Ma la riflessione religiosa e la vicenda umana dei monaci prendono il sopravvento quando sulla comunità si affaccia minaccioso lo spettro dell’integralismo islamico. La quiete della comunità comincia allora ad essere scossa dai primi fatti di sangue. La situazione precipita quando i croati che lavorano in un vicino cantiere vengono trucidati dagli integralisti. La sicurezza dei monaci è ora a repentaglio. Bisogna prendere una decisione: andarsene o rimanere. È qui che interviene una fase di acuto tormento nel gruppo di monaci, dapprima spaccato sulla possibilità di restare o
partire, quindi compatto nel voler continuare la propria missione al convento: a che servirebbe la religione se dovesse indietreggiare di fronte alle armi? Inoltre, la vera missione di chi ha già donato la propria vita a Dio non può certo essere quella di preservarla con la fuga.
Il destino inesorabile è però dietro l’angolo. Il ritorno di un confratello dalla Francia, che porta con sé ostie, una lettera e del formaggio, segna un effimero momento di speranza, dietro il quale si nasconde un timore che diventa sempre più consapevolezza dell’ineluttabile risvolto tragico.

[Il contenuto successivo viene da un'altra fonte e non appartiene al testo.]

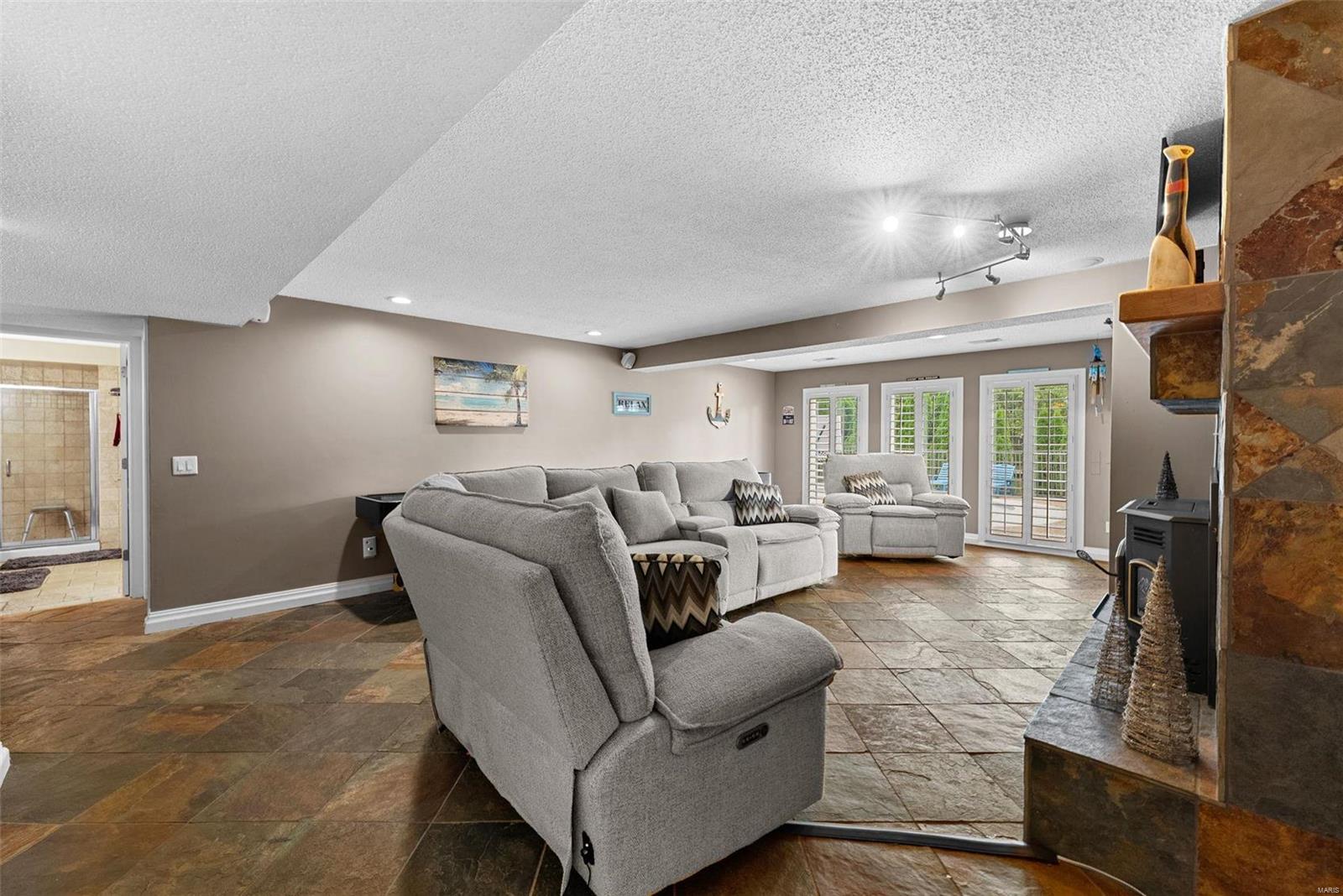 Harbor Pt Estate - Residential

Così, anche gli attimi di serenità regalati dalla presenza di due bottiglie di vino e da un brano di musica inserito nel mangianastri per la cena lasciano l’amaro in bocca e ci mostrano, in un susseguirsi di primissimi piani che si soffermano sui volti e sugli sguardi smarriti dei monaci, la trasformazione della gioia in dolore, della speranza in sgomento. Non a caso, la musica è Il lago dei cigni di Tchaikovsky, che se da un lato rievoca un’ancestrale idea di focolare domestico per il richiamo alla tradizione musicale ed alla cultura occidentale, dall’altro appare presagio di morte. Uomini di Dio è un film parlato, dove i dialoghi e i monologhi contano: ricostruiscono dubbi e angosce dei protagonisti, scandiscono delicati passaggi interiori e fanno da chiusa alle riflessioni finali dei monaci ormai prigionieri dei loro carnefici: ad uccidere non è la comunità musulmana, non è la religione islamica, ma uno sparuto drappello di integralisti che ha travisato l’essenza stessa del Corano.

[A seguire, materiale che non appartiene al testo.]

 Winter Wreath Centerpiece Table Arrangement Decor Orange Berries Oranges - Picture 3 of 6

Merita, da ultimo, di esser ricordata l’inquadratura in cui i monaci vengono sospinti verso il martirio; una sorta di via della croce, di cammino alla volta del Golgota che vede la colonna di monaci ed integralisti allontanarsi nella neve perdendosi nella nebbia dell’orizzonte in una naturale dissolvenza.
Presentato in concorso a Cannes 2010 (Gran Prix du Jury), è tratto da un fatto di cronaca avvenuto in Algeria nella seconda metà degli anni ’90.